On 18 September Meneval returned in the Irish St. Leger over one and three quarter miles at the Curragh and started the 5/6 favourite in an eleven-runner field. The best fancied of his opponents were Lost Chord, the Queen's Vase winner General Ironside and the improving handicapper Red Invader. Piggott restrained the favourite in the early stages as General Ironside built up a clear lead. Meneval overtook the leader in the straight, drew right away from the field and "hacked up" by eight lengths from General Ironside with the filly Countess Eileen three lengths back in third.

At the end of the season Timeform gave him a rating of 128, sven pounds behind their Horse of the Year Youth but only a pound behind their best stayer Sagaro.

===1977: four-year-old season===
Meneval remained in training as a four-year-old with the Prix de l'Arc de Triomphe as his main objective. On his first appearance of the year he sustained his first defeat for over eighteen months when he finished fifth of the seven runners behind his stablemate Alleged (a 33/1 outsider) in the Royal Whip Stakes at the Curragh. In June Meneval raced outside Ireland for the first time when he was sent to Royal Ascot and started 2/1 favourite for the Hardwicke Stakes. Ridden as usual by Piggott he has held up towards the rear before finishing strongly and won by one and a half lengths from the French filly Ranimer (winner of the Sun Chariot Stakes), with Quiet Fling the same distance away in third. In July he was sent to France and finished fifth to Exceller in the Grand Prix de Saint-Cloud with Piggott reporting that the colt needed softer ground to show his best form. In the Cumberland Lodge Stakes at Ascot in September he was held up by Piggott for a late run but was never able to get on terms with the leader Orange Bay and was beaten four lengths into second place. The race had been intended to prepare the horse for the Arc, but he missed the French race and did not run again in 1977.

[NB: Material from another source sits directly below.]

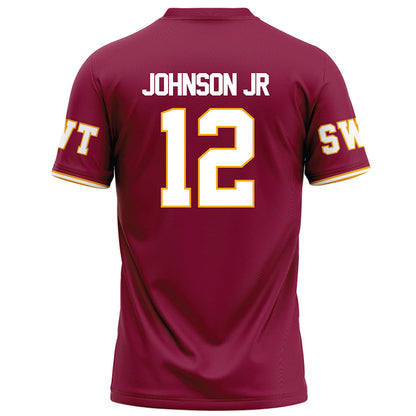 Texas State - NCAA Football : Lorenzo Johnson Jr - Red Football Jersey-1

Timeform gave Meneval a rating of 129 for the 1977 season, four pounds behind Sagaro and Balmerino who were there top-rated older males. In the inaugural International Classification he was given a rating of 87 making him the highest-rated older horse trained in Ireland.

===1978: five-year-old season===
In 1978 Meneval was sent to race in the United States where he competed in the colours of J R Fluor and was trained by Stephen A. DiMauro. His North American career was a complete failure as he failed to win or place in any of his eight races.

==Stud record==
At the end of his racing career Meneval was retired to become a breeding stallion in the United States. He was sent to Ireland in the late 1980s where he was used as a National Hunt sire. He sired numerous minor jump race winners but no top-class performers.

==Pedigree==

Pedigree of Meneval (USA), bay stallion, 1973
| Sire Le Fabuleux (FR) 1961 | Wild Risk (FR) 1940 | Rialto | Rabelais |
La Grelee
| Wild Violet | Blandford |
Wood Violet
| Anguar (FR) 1950 | Verso | Pinceau |
Variete
| La Rochelle | Easton |
Sans Tares
| Dam Nalee (USA) 1960 | Nashua (USA) 1952 | Nasrullah | Nearco |
Mumtaz Begum
| Segula | Johnstown |
Sekhmet
| Levee (USA) 1953 | Hill Prince | Princequillo |
Hildene
| Bourtai | Stimulus |
Escutcheon (Family:9-f)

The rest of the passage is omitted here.